§ DATA SHOWN
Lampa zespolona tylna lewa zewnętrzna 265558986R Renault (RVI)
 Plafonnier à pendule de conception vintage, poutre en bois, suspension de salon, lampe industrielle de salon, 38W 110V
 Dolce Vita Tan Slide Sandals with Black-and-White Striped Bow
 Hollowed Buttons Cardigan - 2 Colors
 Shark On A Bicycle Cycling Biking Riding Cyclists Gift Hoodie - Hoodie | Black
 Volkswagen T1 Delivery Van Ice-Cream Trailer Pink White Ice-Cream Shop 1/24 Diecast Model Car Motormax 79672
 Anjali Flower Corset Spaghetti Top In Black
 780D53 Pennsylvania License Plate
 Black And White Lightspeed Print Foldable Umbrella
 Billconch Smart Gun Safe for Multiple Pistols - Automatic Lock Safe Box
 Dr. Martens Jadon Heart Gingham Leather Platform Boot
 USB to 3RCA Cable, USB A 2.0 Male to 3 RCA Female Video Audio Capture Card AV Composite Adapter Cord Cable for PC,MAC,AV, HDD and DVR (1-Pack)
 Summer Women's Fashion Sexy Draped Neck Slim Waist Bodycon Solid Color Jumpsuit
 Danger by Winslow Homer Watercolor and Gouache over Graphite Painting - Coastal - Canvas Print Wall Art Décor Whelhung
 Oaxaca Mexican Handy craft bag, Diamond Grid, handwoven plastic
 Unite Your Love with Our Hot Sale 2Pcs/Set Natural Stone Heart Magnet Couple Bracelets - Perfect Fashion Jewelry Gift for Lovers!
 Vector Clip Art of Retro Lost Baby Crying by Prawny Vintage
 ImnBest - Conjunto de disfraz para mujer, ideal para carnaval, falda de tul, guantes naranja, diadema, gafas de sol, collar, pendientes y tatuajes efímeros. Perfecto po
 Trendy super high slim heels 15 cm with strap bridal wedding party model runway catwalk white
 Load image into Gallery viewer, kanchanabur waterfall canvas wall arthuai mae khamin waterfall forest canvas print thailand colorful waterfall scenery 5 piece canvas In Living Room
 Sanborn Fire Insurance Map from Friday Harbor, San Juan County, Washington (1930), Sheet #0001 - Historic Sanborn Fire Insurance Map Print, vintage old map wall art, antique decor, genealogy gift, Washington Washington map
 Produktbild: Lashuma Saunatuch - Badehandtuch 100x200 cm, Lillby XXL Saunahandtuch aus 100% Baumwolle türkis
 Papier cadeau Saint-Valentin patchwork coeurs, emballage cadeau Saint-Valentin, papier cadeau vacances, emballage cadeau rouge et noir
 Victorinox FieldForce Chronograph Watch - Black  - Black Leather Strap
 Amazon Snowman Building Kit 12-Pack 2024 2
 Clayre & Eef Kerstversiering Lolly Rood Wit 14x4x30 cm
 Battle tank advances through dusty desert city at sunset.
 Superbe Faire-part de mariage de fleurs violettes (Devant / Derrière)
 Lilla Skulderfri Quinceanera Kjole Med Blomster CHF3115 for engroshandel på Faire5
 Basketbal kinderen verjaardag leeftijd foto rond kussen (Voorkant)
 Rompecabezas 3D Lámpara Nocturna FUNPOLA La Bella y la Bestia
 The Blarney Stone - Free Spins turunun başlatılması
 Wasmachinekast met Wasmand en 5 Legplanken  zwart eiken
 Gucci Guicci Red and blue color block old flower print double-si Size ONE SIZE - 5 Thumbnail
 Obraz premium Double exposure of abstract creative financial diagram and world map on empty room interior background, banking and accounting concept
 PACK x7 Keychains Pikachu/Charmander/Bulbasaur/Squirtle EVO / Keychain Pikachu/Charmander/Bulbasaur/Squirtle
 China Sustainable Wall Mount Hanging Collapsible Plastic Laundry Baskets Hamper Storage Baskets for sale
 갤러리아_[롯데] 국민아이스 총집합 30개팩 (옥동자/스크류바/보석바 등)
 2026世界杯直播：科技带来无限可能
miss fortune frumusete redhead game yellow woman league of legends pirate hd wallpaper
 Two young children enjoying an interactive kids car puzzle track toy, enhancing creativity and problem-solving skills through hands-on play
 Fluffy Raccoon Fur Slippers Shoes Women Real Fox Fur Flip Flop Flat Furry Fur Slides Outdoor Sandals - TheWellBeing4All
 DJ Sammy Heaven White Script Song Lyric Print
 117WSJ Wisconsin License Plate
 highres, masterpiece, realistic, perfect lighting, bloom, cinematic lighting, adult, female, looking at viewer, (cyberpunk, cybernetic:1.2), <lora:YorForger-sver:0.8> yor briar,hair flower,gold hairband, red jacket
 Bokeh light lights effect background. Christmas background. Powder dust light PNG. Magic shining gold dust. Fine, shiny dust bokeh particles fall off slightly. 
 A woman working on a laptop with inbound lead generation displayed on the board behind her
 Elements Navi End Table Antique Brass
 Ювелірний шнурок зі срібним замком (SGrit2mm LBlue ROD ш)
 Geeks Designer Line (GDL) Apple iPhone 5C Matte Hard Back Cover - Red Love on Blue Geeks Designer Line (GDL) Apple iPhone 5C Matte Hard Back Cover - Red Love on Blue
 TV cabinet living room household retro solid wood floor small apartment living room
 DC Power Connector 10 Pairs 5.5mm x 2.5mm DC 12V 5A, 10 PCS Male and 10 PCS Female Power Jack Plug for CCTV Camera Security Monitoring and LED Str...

§ EXERCISE DIRECTIONS
Reproduce the listing above character for character.

§ TASK RESULT
Lampa zespolona tylna lewa zewnętrzna 265558986R Renault (RVI)
 Plafonnier à pendule de conception vintage, poutre en bois, suspension de salon, lampe industrielle de salon, 38W 110V
 Dolce Vita Tan Slide Sandals with Black-and-White Striped Bow
 Hollowed Buttons Cardigan - 2 Colors
 Shark On A Bicycle Cycling Biking Riding Cyclists Gift Hoodie - Hoodie | Black
 Volkswagen T1 Delivery Van Ice-Cream Trailer Pink White Ice-Cream Shop 1/24 Diecast Model Car Motormax 79672
 Anjali Flower Corset Spaghetti Top In Black
 780D53 Pennsylvania License Plate
 Black And White Lightspeed Print Foldable Umbrella
 Billconch Smart Gun Safe for Multiple Pistols - Automatic Lock Safe Box
 Dr. Martens Jadon Heart Gingham Leather Platform Boot
 USB to 3RCA Cable, USB A 2.0 Male to 3 RCA Female Video Audio Capture Card AV Composite Adapter Cord Cable for PC,MAC,AV, HDD and DVR (1-Pack)
 Summer Women's Fashion Sexy Draped Neck Slim Waist Bodycon Solid Color Jumpsuit
 Danger by Winslow Homer Watercolor and Gouache over Graphite Painting - Coastal - Canvas Print Wall Art Décor Whelhung
 Oaxaca Mexican Handy craft bag, Diamond Grid, handwoven plastic
 Unite Your Love with Our Hot Sale 2Pcs/Set Natural Stone Heart Magnet Couple Bracelets - Perfect Fashion Jewelry Gift for Lovers!
 Vector Clip Art of Retro Lost Baby Crying by Prawny Vintage
 ImnBest - Conjunto de disfraz para mujer, ideal para carnaval, falda de tul, guantes naranja, diadema, gafas de sol, collar, pendientes y tatuajes efímeros. Perfecto po
 Trendy super high slim heels 15 cm with strap bridal wedding party model runway catwalk white
 Load image into Gallery viewer, kanchanabur waterfall canvas wall arthuai mae khamin waterfall forest canvas print thailand colorful waterfall scenery 5 piece canvas In Living Room
 Sanborn Fire Insurance Map from Friday Harbor, San Juan County, Washington (1930), Sheet #0001 - Historic Sanborn Fire Insurance Map Print, vintage old map wall art, antique decor, genealogy gift, Washington Washington map
 Produktbild: Lashuma Saunatuch - Badehandtuch 100x200 cm, Lillby XXL Saunahandtuch aus 100% Baumwolle türkis
 Papier cadeau Saint-Valentin patchwork coeurs, emballage cadeau Saint-Valentin, papier cadeau vacances, emballage cadeau rouge et noir
 Victorinox FieldForce Chronograph Watch - Black  - Black Leather Strap
 Amazon Snowman Building Kit 12-Pack 2024 2
 Clayre & Eef Kerstversiering Lolly Rood Wit 14x4x30 cm
 Battle tank advances through dusty desert city at sunset.
 Superbe Faire-part de mariage de fleurs violettes (Devant / Derrière)
 Lilla Skulderfri Quinceanera Kjole Med Blomster CHF3115 for engroshandel på Faire5
 Basketbal kinderen verjaardag leeftijd foto rond kussen (Voorkant)
 Rompecabezas 3D Lámpara Nocturna FUNPOLA La Bella y la Bestia
 The Blarney Stone - Free Spins turunun başlatılması
 Wasmachinekast met Wasmand en 5 Legplanken  zwart eiken
 Gucci Guicci Red and blue color block old flower print double-si Size ONE SIZE - 5 Thumbnail
 Obraz premium Double exposure of abstract creative financial diagram and world map on empty room interior background, banking and accounting concept
 PACK x7 Keychains Pikachu/Charmander/Bulbasaur/Squirtle EVO / Keychain Pikachu/Charmander/Bulbasaur/Squirtle
 China Sustainable Wall Mount Hanging Collapsible Plastic Laundry Baskets Hamper Storage Baskets for sale
 갤러리아_[롯데] 국민아이스 총집합 30개팩 (옥동자/스크류바/보석바 등)
 2026世界杯直播：科技带来无限可能
miss fortune frumusete redhead game yellow woman league of legends pirate hd wallpaper
 Two young children enjoying an interactive kids car puzzle track toy, enhancing creativity and problem-solving skills through hands-on play
 Fluffy Raccoon Fur Slippers Shoes Women Real Fox Fur Flip Flop Flat Furry Fur Slides Outdoor Sandals - TheWellBeing4All
 DJ Sammy Heaven White Script Song Lyric Print
 117WSJ Wisconsin License Plate
 highres, masterpiece, realistic, perfect lighting, bloom, cinematic lighting, adult, female, looking at viewer, (cyberpunk, cybernetic:1.2), <lora:YorForger-sver:0.8> yor briar,hair flower,gold hairband, red jacket
 Bokeh light lights effect background. Christmas background. Powder dust light PNG. Magic shining gold dust. Fine, shiny dust bokeh particles fall off slightly. 
 A woman working on a laptop with inbound lead generation displayed on the board behind her
 Elements Navi End Table Antique Brass
 Ювелірний шнурок зі срібним замком (SGrit2mm LBlue ROD ш)
 Geeks Designer Line (GDL) Apple iPhone 5C Matte Hard Back Cover - Red Love on Blue Geeks Designer Line (GDL) Apple iPhone 5C Matte Hard Back Cover - Red Love on Blue
 TV cabinet living room household retro solid wood floor small apartment living room
 DC Power Connector 10 Pairs 5.5mm x 2.5mm DC 12V 5A, 10 PCS Male and 10 PCS Female Power Jack Plug for CCTV Camera Security Monitoring and LED Str...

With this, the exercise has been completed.